Y ése es el viaje fundamental que el escritor vallisoletano nos regala. A través de su experiencia como escritor-periodista y viajero curioso recién llegado a un Madrid que le deslumbra, visitamos todos los estratos sociales en que la cultura de entonces se movía. El Café Gijón es la lente con la que Umbral mira hacia aquel mundo, con la que enfoca a determinados personajes y los recrea. Del Gijón nos lleva al Chicote de Miguel Mihura, Alfonso Sánchez o Tono, nos lleva hasta la calle de la Ballesta con sus meretrices semiocultas, nos muestra una Gran Vía entre el ensueño y la realidad: "Si la Castellana miraba a París, la Gran Vía miraba a Nueva York o a Chicago", visitamos el "baile-bolera" de la calle Arlabán, detrás del teatro Alcázar, o el Ateneo de Madrid, aquel lugar en el que, entonces, Pepe Hierro dirigía una tertulia entre lo legal y lo clandestino, por la que pasó Umbral pero por la que pasaron casi todos los grandes poetas que en Madrid serían: "El Ateneo de aquellos años era una cueva alta, suntuosa y polvorienta. Una gruta cultural con anchas escaleras, oscuros desnudos, viejos ujieres, letárgicas bibliotecas… (…) El perfil escueto y curtido de Pepe Hierro cruzaba todo aquello, siempre veloz e irónico, subiendo y bajando escaleras, como no queriéndose contaminar de algo, no se sabía bien de qué".

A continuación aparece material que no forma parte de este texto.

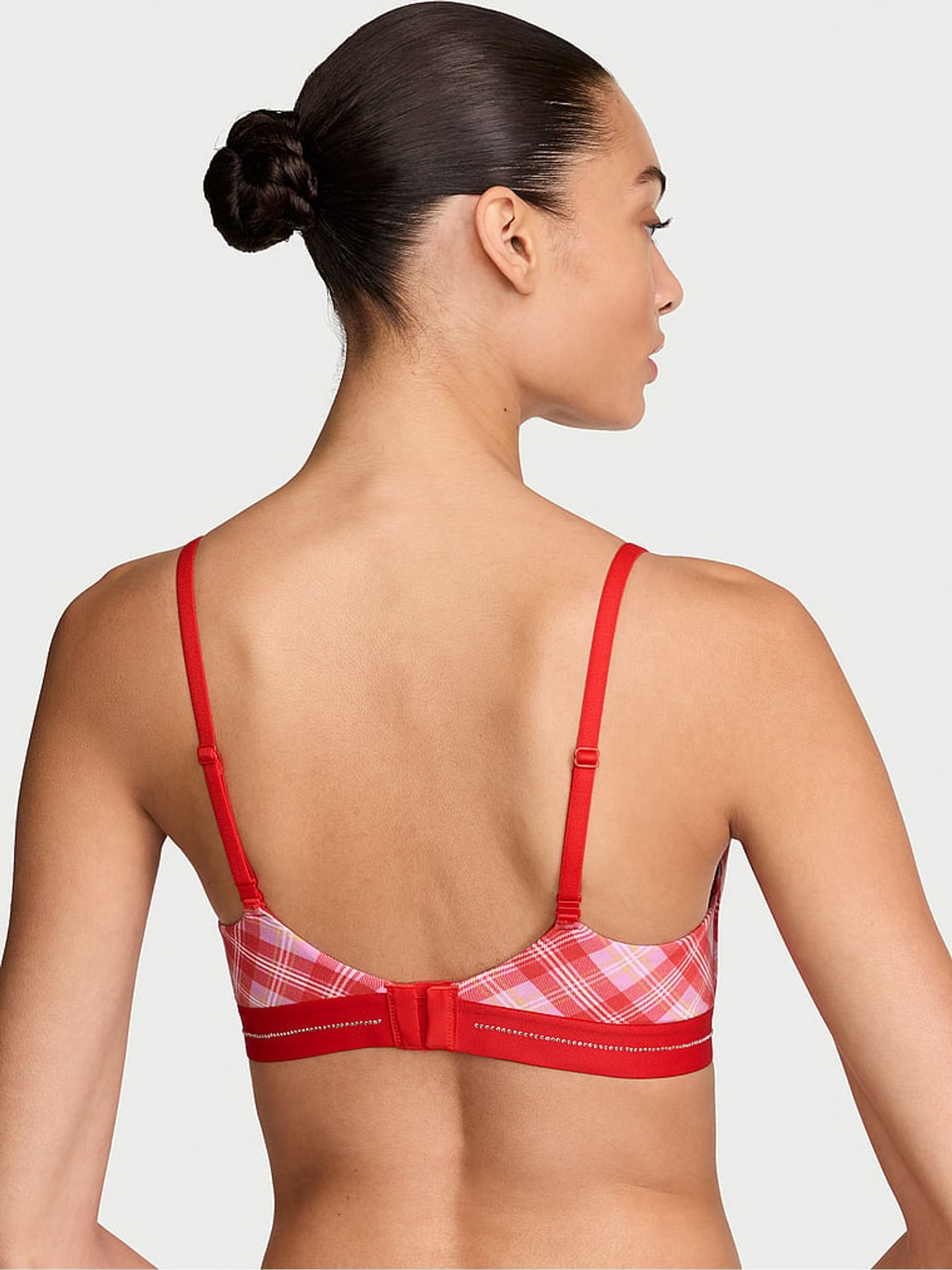 Red & Pink Tartan Lightly Lined Non Wired Shine Logo Cotton Bra - Image 3 of 3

Y con Umbral nos sentamos (milagro de la literatura) en la tertulia de los poetas con Eladio Cabañero, Gerardo Diego, Leopoldo de Luis, Prado Nogueira o Manuel Álvarez Ortega, o con la de los pintores de entonces, desde Alcaín hasta Viola, o con la de las actrices, en la que brilla la mezcla de creatividad y belleza de Emma Cohen,  con la de los dramturgos, presidida por Buero Vallejo ("odiador" oficial de Camilo José Cela, según nos cuenta Umbral), o con la de los cuentistas como Ignacio Aldecoa, García Pavón, Meliano Peraile, Julián Ayesta  y vivimos momentos especialmente emocionantes, entrañables, de un tiempo desaparecido. 

 

 

Por ejemplo, el epílogo de las tertulias del  Ateneo: "A la salida nos íbamos en grupo, con Pepe Hierro, por las tabernas de la Plaza Mayor, y en uno de los sótanos de cal y vino conocí a más famosos, entre ellos Gabriel Celaya y Amparo Gastón"; o  una descripción del cuentista Meliano Peraile: "venido de barrios cada vez más lejanos, había pertenecido al grupo de Aldecoa y hacía unos cuentos muy cuidados, muy lentos, como empedrados de greguerías, casi siempre de ambientación popular,  y yo solía verle en Teide, adonde iba a trabajar más tranquilo sus relatos"; o, en fin, nos acercamos este rincón de aquel Madrid: "Calle del General Oráa. Barrio de Salamanca. Atrás quedaban las pensiones de la Madera, la residencias pretenciosas y miserables de Argüelles, los atardeceres de Ventas, con jugadores de la rana, gitanos y hogueras, el río Manzanares, con su mareo de olor y de verbena.". Y al fondo, como faro o como olla de cocción de la gloria literaria, el Café Gijón.